I am hoping to efficiently combine my regressions using plyr functions. I have data frames with monthly data for multiple years in format yDDDD
(so y2014
, y2013
, etc.)
Right now, I have the below code for one of those dfs, y2014
. I am running the regressions by month, as desired within each year.
modelsm2= by(y2014,y2014$Date,function(x) lm(y~,data=x))
summarym2=lapply(modelsm2,summary)
coefficientsm2=lapply(modelsm2,coef)
coefsm2v2=ldply(modelsm2,coef) #to get the coefficients into an exportable df
I have several things I'd like to do and I would really appreciate your help!
A. Extract the r^2
for each model. I know that for one model, you can do summary(model)$r.squared
to get it, but I have not had luck with my construct.
B. Apply the same methodology in a loop-type structure to get the models to run for all of my data frames (y2013
and backwards)
C. Get the summary into an easily exportable (to Excel) format --> the ldply
function does not work for the summaries.
Thanks again.
A. You need to subset out the r.squared
values from your summaries:
lapply(summarym2,"[[","r.squared")
B. Put all your data into a list, and put another lapply
around it, eg:
lapply(list(y2014,y2013,y2012), function(dat)

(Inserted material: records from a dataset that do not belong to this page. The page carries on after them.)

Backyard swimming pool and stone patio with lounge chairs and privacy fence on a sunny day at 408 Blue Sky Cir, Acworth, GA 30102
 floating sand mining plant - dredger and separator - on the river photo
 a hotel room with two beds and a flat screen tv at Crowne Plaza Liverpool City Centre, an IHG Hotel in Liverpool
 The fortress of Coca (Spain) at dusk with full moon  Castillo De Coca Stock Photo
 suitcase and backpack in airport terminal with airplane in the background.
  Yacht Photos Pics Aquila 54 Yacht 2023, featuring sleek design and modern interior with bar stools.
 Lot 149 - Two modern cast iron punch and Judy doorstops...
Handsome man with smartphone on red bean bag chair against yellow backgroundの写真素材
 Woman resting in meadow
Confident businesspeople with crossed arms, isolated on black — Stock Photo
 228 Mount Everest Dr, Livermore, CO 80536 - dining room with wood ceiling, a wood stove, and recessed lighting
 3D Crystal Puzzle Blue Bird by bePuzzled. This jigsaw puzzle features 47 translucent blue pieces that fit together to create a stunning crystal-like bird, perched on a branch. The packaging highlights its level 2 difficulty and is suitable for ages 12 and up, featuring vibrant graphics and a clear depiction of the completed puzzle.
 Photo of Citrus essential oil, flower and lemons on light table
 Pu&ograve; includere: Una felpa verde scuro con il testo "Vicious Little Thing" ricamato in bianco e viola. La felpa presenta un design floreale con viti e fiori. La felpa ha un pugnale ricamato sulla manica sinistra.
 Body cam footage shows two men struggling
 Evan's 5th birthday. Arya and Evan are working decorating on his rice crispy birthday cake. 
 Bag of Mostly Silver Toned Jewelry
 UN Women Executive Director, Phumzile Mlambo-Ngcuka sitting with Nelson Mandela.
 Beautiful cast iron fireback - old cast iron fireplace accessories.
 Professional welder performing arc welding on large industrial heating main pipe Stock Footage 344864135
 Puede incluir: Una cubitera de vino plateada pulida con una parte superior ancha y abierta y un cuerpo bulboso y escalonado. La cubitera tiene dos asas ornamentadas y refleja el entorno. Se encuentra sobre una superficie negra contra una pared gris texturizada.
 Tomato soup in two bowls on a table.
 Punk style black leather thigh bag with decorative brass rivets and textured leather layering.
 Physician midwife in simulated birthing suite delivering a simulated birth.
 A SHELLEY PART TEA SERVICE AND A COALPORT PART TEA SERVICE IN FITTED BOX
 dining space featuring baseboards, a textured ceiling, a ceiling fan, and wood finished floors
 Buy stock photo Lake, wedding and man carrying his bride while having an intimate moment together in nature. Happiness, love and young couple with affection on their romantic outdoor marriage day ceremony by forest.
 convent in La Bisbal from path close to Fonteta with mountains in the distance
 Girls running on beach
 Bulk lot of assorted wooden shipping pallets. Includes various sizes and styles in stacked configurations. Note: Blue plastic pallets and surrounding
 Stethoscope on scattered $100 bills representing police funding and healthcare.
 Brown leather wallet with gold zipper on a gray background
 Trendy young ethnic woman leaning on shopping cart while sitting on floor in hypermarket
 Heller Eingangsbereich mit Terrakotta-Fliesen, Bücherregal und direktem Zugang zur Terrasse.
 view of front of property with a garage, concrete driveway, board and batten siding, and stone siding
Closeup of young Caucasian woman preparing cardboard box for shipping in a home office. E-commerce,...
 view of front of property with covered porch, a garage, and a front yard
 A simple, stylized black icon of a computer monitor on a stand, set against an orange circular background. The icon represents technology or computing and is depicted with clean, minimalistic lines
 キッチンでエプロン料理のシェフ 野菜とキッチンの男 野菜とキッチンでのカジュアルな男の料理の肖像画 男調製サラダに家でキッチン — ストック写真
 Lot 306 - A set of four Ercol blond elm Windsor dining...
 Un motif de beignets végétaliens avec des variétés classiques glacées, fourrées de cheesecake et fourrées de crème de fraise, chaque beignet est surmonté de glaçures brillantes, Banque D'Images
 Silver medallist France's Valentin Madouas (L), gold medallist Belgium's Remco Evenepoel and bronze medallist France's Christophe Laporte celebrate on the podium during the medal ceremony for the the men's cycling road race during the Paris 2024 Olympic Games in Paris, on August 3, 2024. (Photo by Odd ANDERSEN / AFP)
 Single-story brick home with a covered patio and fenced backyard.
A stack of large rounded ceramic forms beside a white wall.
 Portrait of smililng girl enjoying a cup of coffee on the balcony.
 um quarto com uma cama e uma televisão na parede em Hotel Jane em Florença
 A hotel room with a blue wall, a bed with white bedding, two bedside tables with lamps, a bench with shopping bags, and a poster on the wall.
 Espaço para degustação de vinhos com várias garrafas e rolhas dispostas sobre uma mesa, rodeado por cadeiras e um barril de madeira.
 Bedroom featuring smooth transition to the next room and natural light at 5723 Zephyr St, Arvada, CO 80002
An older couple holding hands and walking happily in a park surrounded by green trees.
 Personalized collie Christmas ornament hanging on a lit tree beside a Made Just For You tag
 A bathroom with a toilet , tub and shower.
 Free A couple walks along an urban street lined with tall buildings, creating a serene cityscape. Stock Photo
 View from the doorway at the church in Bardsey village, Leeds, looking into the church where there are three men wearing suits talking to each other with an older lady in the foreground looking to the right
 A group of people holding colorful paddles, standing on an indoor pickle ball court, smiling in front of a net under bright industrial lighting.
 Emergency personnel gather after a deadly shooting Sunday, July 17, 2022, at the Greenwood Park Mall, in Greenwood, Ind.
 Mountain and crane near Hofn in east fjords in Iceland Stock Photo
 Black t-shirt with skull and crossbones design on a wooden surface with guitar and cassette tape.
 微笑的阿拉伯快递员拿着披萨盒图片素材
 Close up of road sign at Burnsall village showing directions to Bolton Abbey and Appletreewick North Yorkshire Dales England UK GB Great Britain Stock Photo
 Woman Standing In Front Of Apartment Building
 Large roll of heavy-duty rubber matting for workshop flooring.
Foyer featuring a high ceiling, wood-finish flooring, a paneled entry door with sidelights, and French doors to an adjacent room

by(dat,dat$Date, function(x) lm(y~.,data=x))
)
You will then have a list of lists so for instance to extract the summaries, you would use:
lapply(lmlist,lapply,summary)
C. summary
returns a fairly complex data structure that cannot be coerced into a data.frame. The result you see is a consequence of the print
method for it. You can use capture.output
to get a charactor vector of each line of the output that you may use to write to a file.